Task details
Write out the records once more, exactly, and keep any image out.

Data
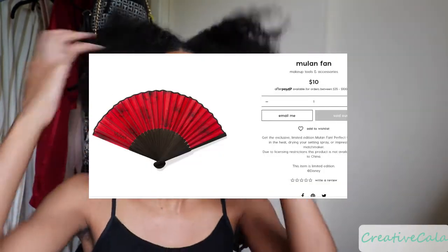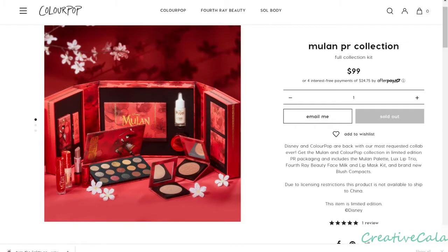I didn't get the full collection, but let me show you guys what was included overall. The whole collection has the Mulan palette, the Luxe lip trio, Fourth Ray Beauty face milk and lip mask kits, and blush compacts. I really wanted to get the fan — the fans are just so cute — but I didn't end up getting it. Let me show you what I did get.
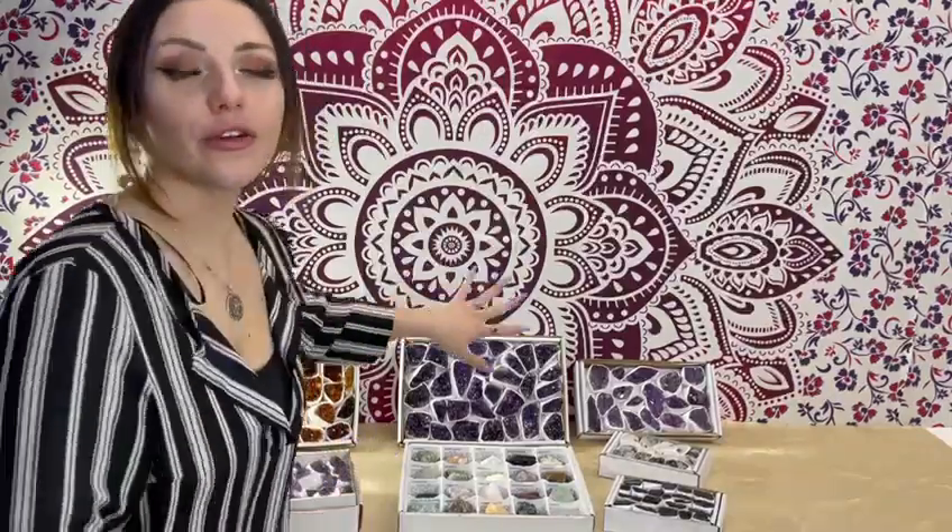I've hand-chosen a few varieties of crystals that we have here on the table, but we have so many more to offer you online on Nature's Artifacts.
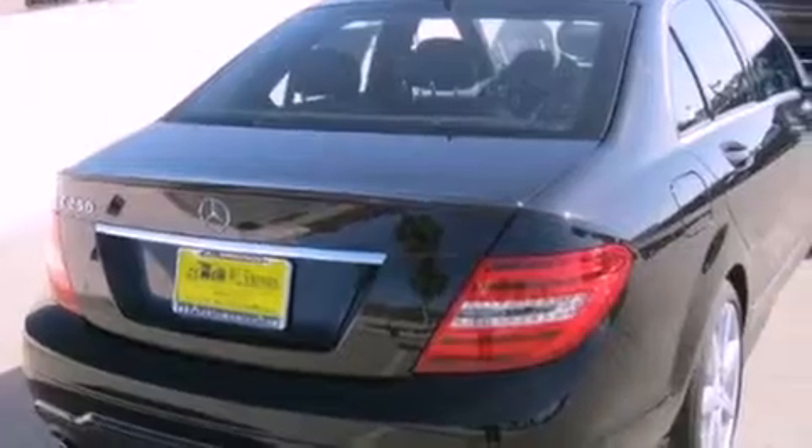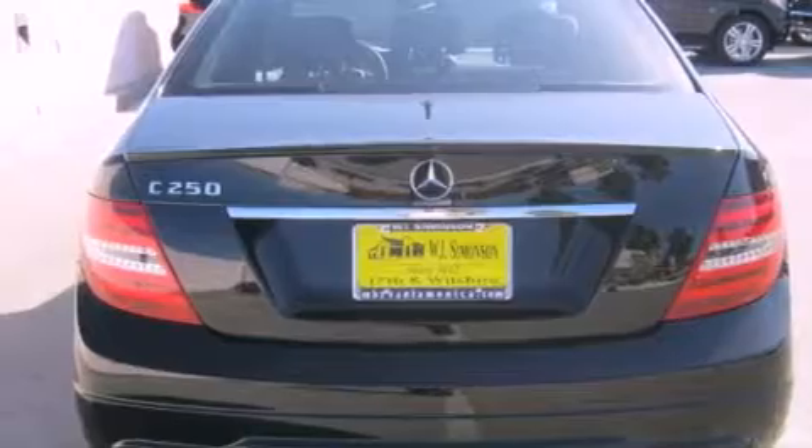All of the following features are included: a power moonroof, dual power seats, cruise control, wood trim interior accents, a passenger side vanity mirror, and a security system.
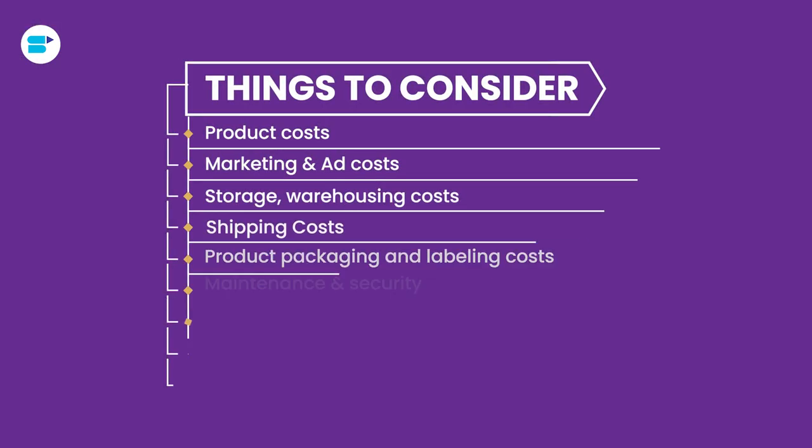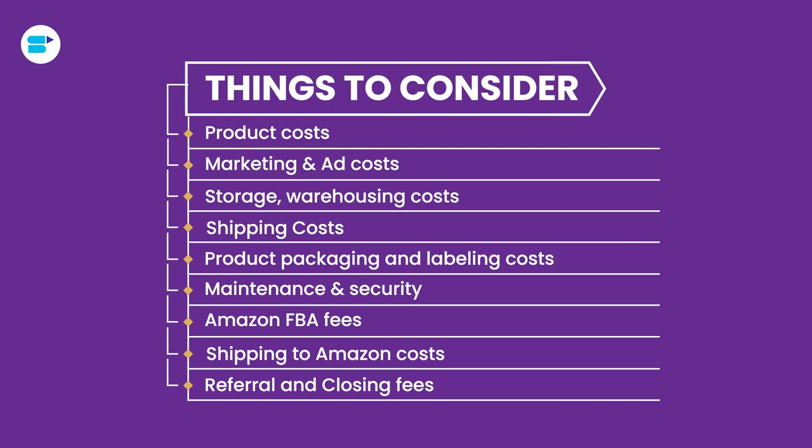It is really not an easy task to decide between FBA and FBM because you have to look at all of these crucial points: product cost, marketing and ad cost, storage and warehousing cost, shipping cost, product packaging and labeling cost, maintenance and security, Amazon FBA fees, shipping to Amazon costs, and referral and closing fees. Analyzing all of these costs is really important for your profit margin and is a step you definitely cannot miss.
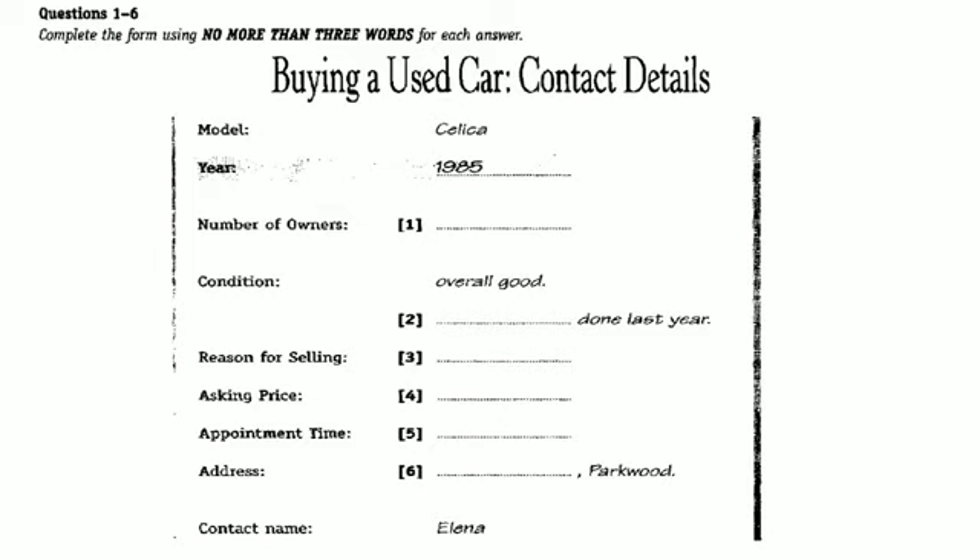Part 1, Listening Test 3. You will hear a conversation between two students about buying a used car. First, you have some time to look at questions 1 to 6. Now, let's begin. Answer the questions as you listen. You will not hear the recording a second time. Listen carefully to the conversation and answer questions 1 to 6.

Task result
I didn't get the full collection, but let me show you guys what was included overall. The whole collection has the Mulan palette, the Luxe lip trio, Fourth Ray Beauty face milk and lip mask kits, and blush compacts. I really wanted to get the fan — the fans are just so cute — but I didn't end up getting it. Let me show you what I did get.
I've hand-chosen a few varieties of crystals that we have here on the table, but we have so many more to offer you online on Nature's Artifacts.
All of the following features are included: a power moonroof, dual power seats, cruise control, wood trim interior accents, a passenger side vanity mirror, and a security system.
It is really not an easy task to decide between FBA and FBM because you have to look at all of these crucial points: product cost, marketing and ad cost, storage and warehousing cost, shipping cost, product packaging and labeling cost, maintenance and security, Amazon FBA fees, shipping to Amazon costs, and referral and closing fees. Analyzing all of these costs is really important for your profit margin and is a step you definitely cannot miss.
Part 1, Listening Test 3. You will hear a conversation between two students about buying a used car. First, you have some time to look at questions 1 to 6. Now, let's begin. Answer the questions as you listen. You will not hear the recording a second time. Listen carefully to the conversation and answer questions 1 to 6.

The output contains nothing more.